2. Contiguous Speaker Duration

Strategy: Poll when speaker's contiguous segments total > Y seconds

  • Config: min_speaker_duration_for_probe: int = 10000 # 10 seconds
  • Logic: Accumulate consecutive segments from same speaker until interrupted
  • Use case: Speaker delivers longer statement, might switch languages mid-way
  • Special case: Y=0 means probe every speaker appearance (exhaustive)

3. Fixed Speaker Languages

Strategy: Assign known languages to specific speakers

  • Config: fixed_speaker_languages: Dict[str, str] = {"SPEAKER_01": "en", "SPEAKER_02": "vi"}
  • Use case: Known multilingual scenarios (interpreter + speaker)
  • Pro: Eliminates false language detection
  • Con: Requires prior knowledge

4. Contiguous Speaker Consistency

Strategy: Keep language fixed for uninterrupted speaker segments

  • Config: lock_language_until_interruption: bool = True
  • Logic: Once language detected for speaker, maintain until different speaker talks
  • Use case: Formal presentations where speakers stick to one language per turn
  • Pro: Reduces false language switches
  • Con: Misses mid-turn language changes

5. Speaker Transition Probing

Strategy: Always probe language when speaker changes

  • Config: probe_on_speaker_change: bool = True
  • Logic: Check language of new speaker (if sufficient audio available)
  • Use case: Detect language switching between speakers
  • Pro: Catches most language boundaries
  • Con: Expensive with many speaker transitions

Algorithm Flow

flowchart TD
    A[Diarization Segments] --> B[Process Sequentially]
    B --> C{Speaker Changed?}
    C -->|Yes| D[Apply Speaker Transition Logic]
    C -->|No| E[Apply Same-Speaker Logic]

    D --> F{Fixed Language for Speaker?}
    F -->|Yes| G[Use Fixed Language]
    F -->|No| H{Enough Audio to Probe?}
    H -->|Yes| I[Probe New Speaker Language]
    H -->|No| J[Inherit Previous Language]

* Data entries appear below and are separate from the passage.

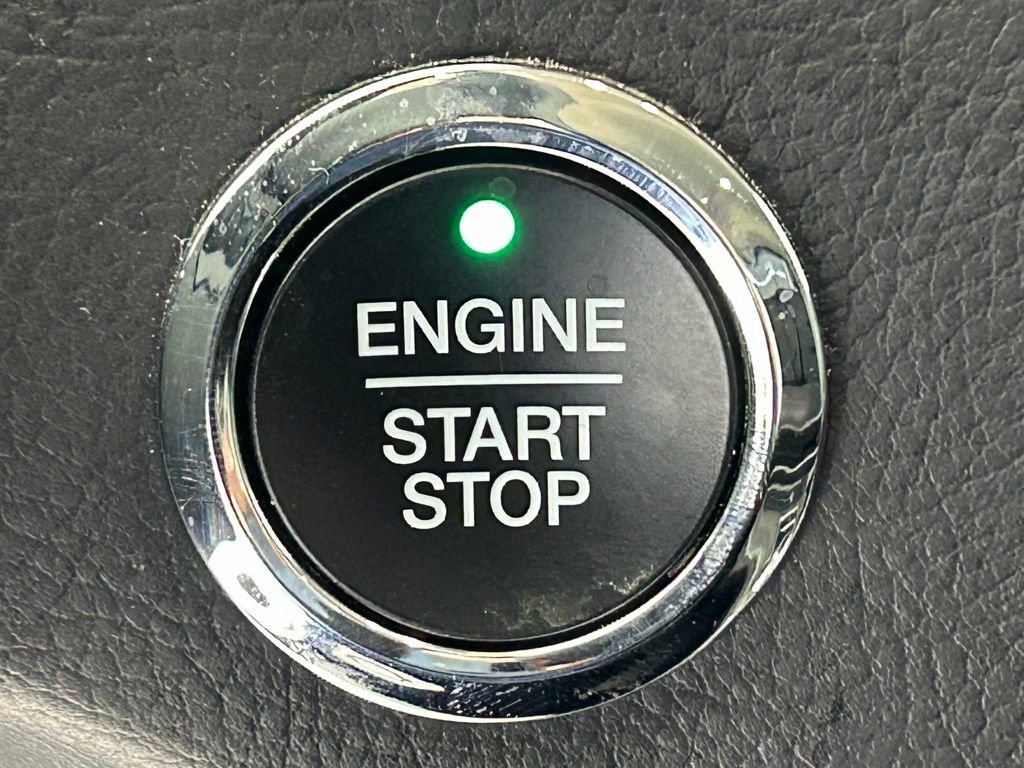 Used 2024 Ford Edge Titanium image 27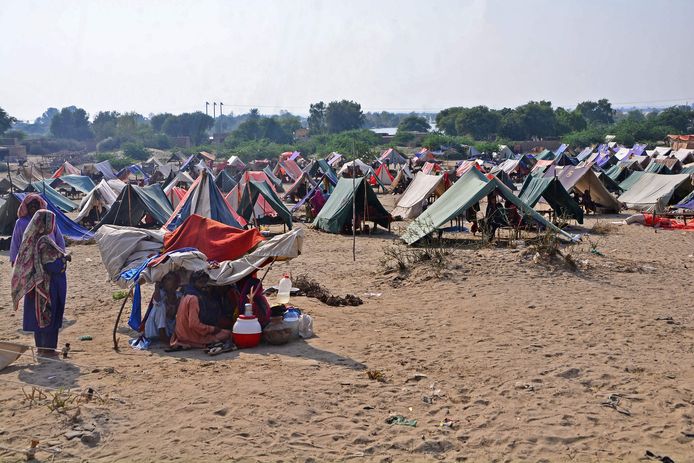 In eigen land gevluchte mensen schuilen in een opvangkamp in de provincie Sindh.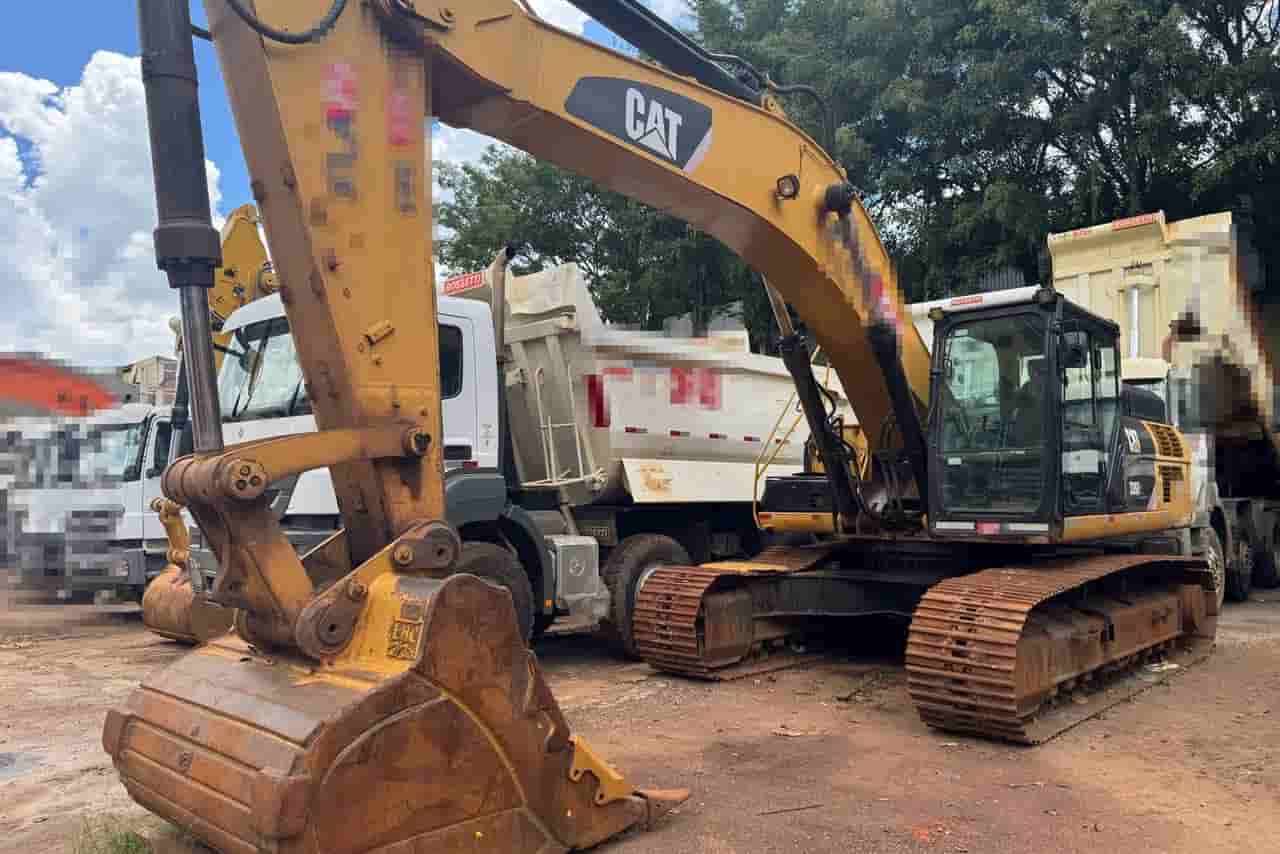Escavadeira Caterpillar 336D2L 2017 - imagem de fundo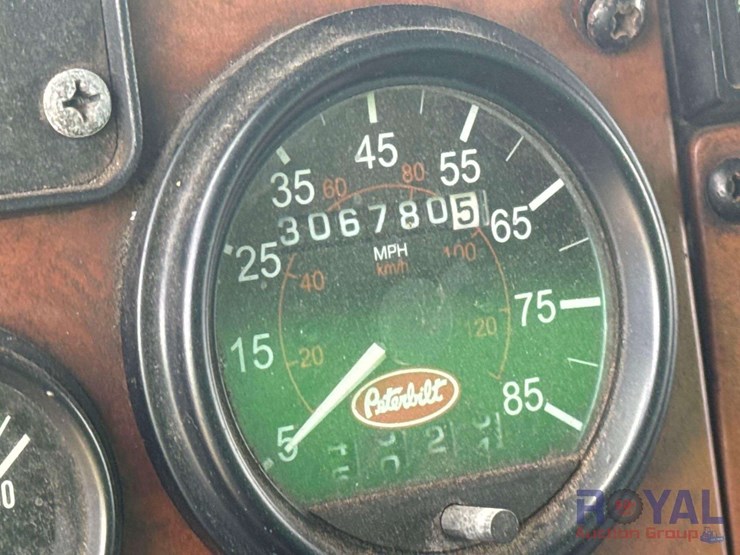2007-peterbilt-335-image-9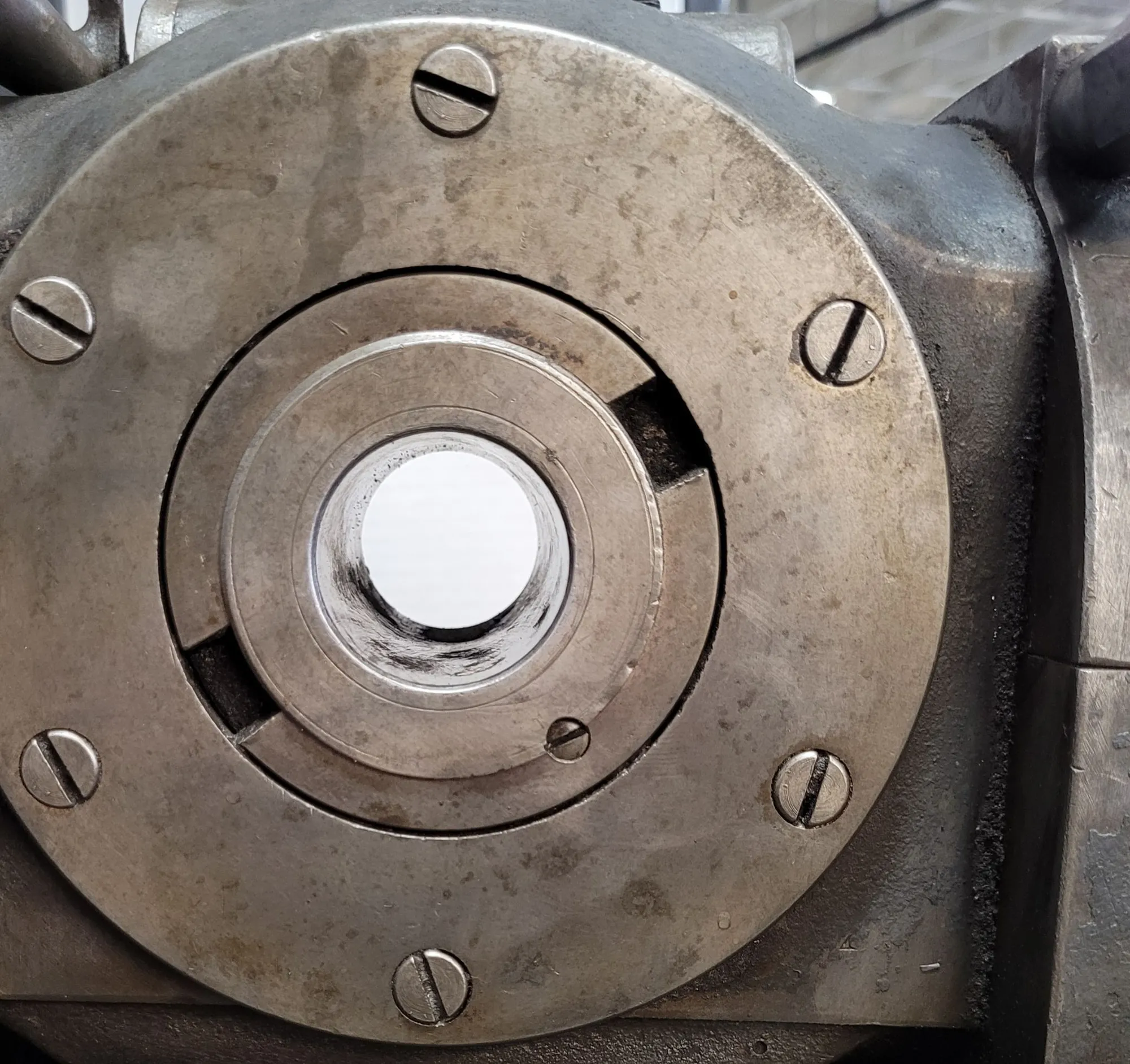 KEARNEY & TRECKER DIVIDING HEAD - undefined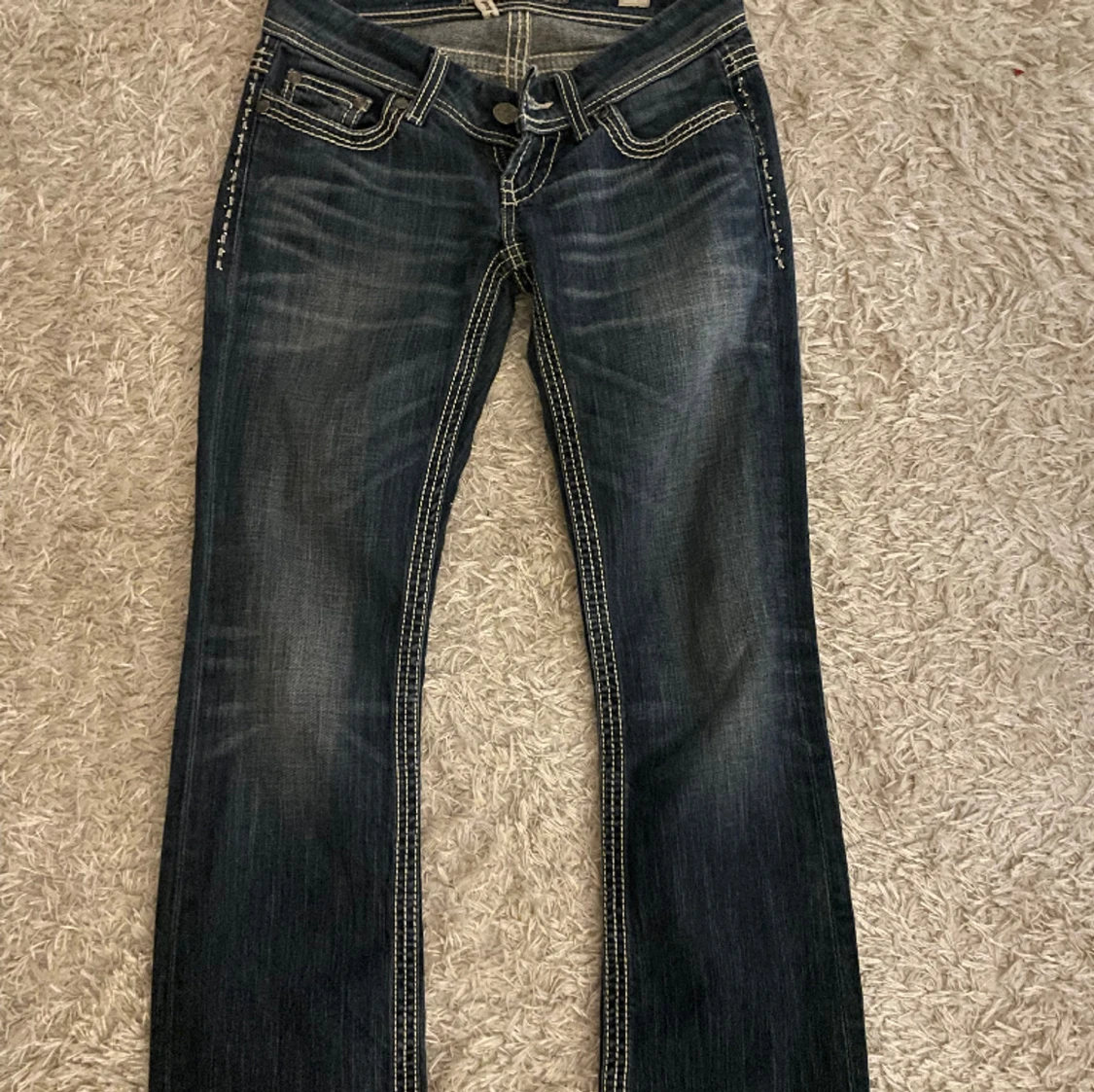 Super snygga Lågmidjade bootcut jeans! - 91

    E --> K{Strategy Check}
    K --> L{Segment > Threshold?}
    L -->|Yes| M[Probe Segment Language]
    L -->|No| N{Contiguous Duration > Threshold?}
    N -->|Yes| O[Probe Accumulated Language]
    N -->|No| P[Keep Current Language]

    G --> Q[Language Decision Made]
    I --> Q
    J --> Q
    M --> Q
    O --> Q
    P --> Q

    Q --> R{Language Changed?}
    R -->|Yes| S[Split Chunk]
    R -->|No| T[Continue Chunk]
    S --> U[Add to Chunks]
    T --> V{Chunk Size OK?}
    V -->|No| U
    V -->|Yes| W[Continue Processing]
    U --> W
    W --> X{More Segments?}
    X -->|Yes| B
    X -->|No| Y[Final Chunks]

Configuration Options

@dataclass
class LanguageProbeConfig:
    # Individual segment probing
    min_segment_duration_for_probe: int = 5000  # ms

    # Contiguous speaker probing  
    min_speaker_duration_for_probe: int = 10000  # ms
    probe_exhaustively: bool = False  # Y=0 case

    # Fixed assignments
    fixed_speaker_languages: Dict[str, str] = field(default_factory=dict)

    # Consistency rules
    lock_language_until_interruption: bool = False

    # Transition probing
    probe_on_speaker_change: bool = True

    # Detection settings
    confidence_threshold: float = 0.7
    sample_duration_ms: int = 5000

Segment Combining Logic

Before language detection, combine very short segments to reach minimum testable duration:

flowchart LR
    A[Short Segments] --> B[Combine by Speaker]
    B --> C{Combined Duration > Min?}
    C -->|Yes| D[Probe Combined Audio]
    C -->|No| E[Skip Probing]
    D --> F[Language Result]
    E --> G[Inherit/Default Language]

Combining rules:

  • Combine consecutive segments from same speaker
  • Stop combining when different speaker appears
  • If combined duration still < minimum, skip probing
  • Apply probing strategy to combined segment

Processing Sequence

For Each Segment in Timeline

  1. Check speaker transition: Has speaker changed from previous segment?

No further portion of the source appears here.